La conviction de l’ambassadeur Chevallier était la suivante : « Le régime d’Assad ne tombera pas, Assad est fort » et il se maintiendra au pouvoir. C’est ce qu’il avait écrit dans ses dépêches diplomatiques depuis Damas, raison pour laquelle il avait été rappelé à Paris. Chevallier "a redit aux personnes présentes à cette réunion qu’il était « proche du terrain », et qu’il avait « visité diverses régions de la Syrie et qu’il n’avait pas le sentiment que le régime en place était en train de s’effondrer » .
« Arrêtez de dire des bêtises ! » l’a interrompu Galey, le représentant de Sarkozy. « Il ne faut pas s’en tenir aux faits, il faut voir plus loin que le bout de son nez. » a-t-il ajouté. La remarque de Galey était d’une « hostilité sans précédent » selon une des personnes présentes. Même Ladsous « a été choqué de la détermination de Galey, » quand il est apparu que Galey "n’était pas venu prendre part aux délibérations mais remplir une mission spécifique : imposer l’idée que la chute d’Assad était inévitable," et faire comprendre à tout le monde qu’aucune opinion divergente ne serait tolérée dans le corps diplomatique français.
Mais Chevallier a défendu sa position qui différait de celle que l’Elysée voulait imposer.

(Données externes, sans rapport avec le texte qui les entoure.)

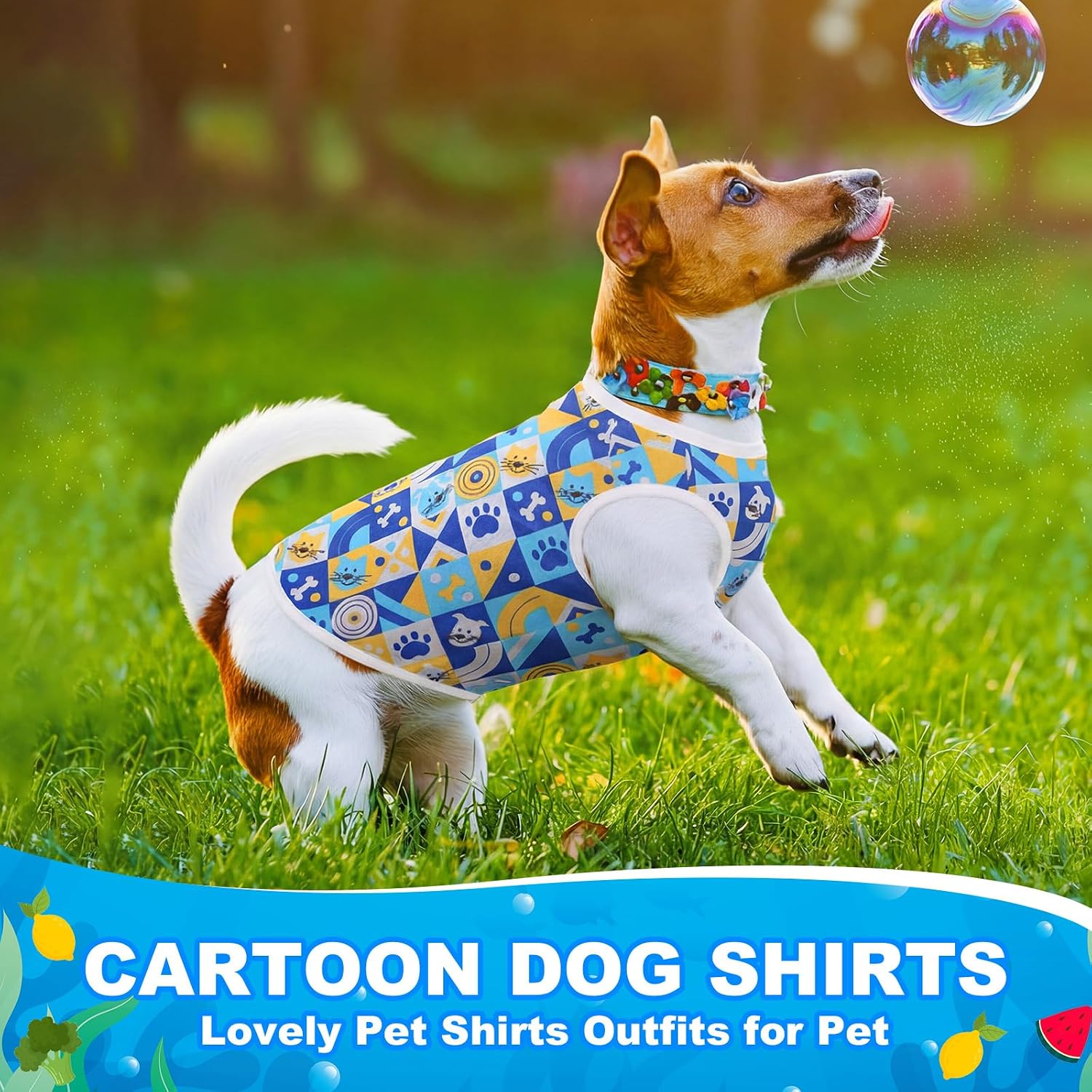Yaomiao 32 Pack Summer Small Dogs Clothes Puppy Shirts Bulk, Breathable Sleeveless Pet T-Shirts, Cute Hawaiian Dog Clothes for Boy & Girl Dogs, Vest Apparel for Puppies Cats(Cartoon Series,S)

Il a dit qu’il avait rencontré l’opposition syrienne régulièrement, « mais qu’il continuait à penser que le régime avait la capacité de survivre ainsi que des soutiens étrangers » . « On se moque de vos informations !a réitéré Galey » , ce à quoi l’ambassadeur a répondu : « Vous voulez que j’écrive autre chose mais mon travail comme ambassadeur est de continuer à dire ce que j’ai écrit, c’est à dire ce qui est réellement arrivé » . « Vos informations ne nous intéressent pas. Bachar el-Assad doit tomber et il tombera », a rétorqué Galey d’une voix coupante. La querelle s’est alors envenimée, ce qui a forcé Ladsous à intervenir plusieurs fois pour mettre fin à cette « bataille verbale ».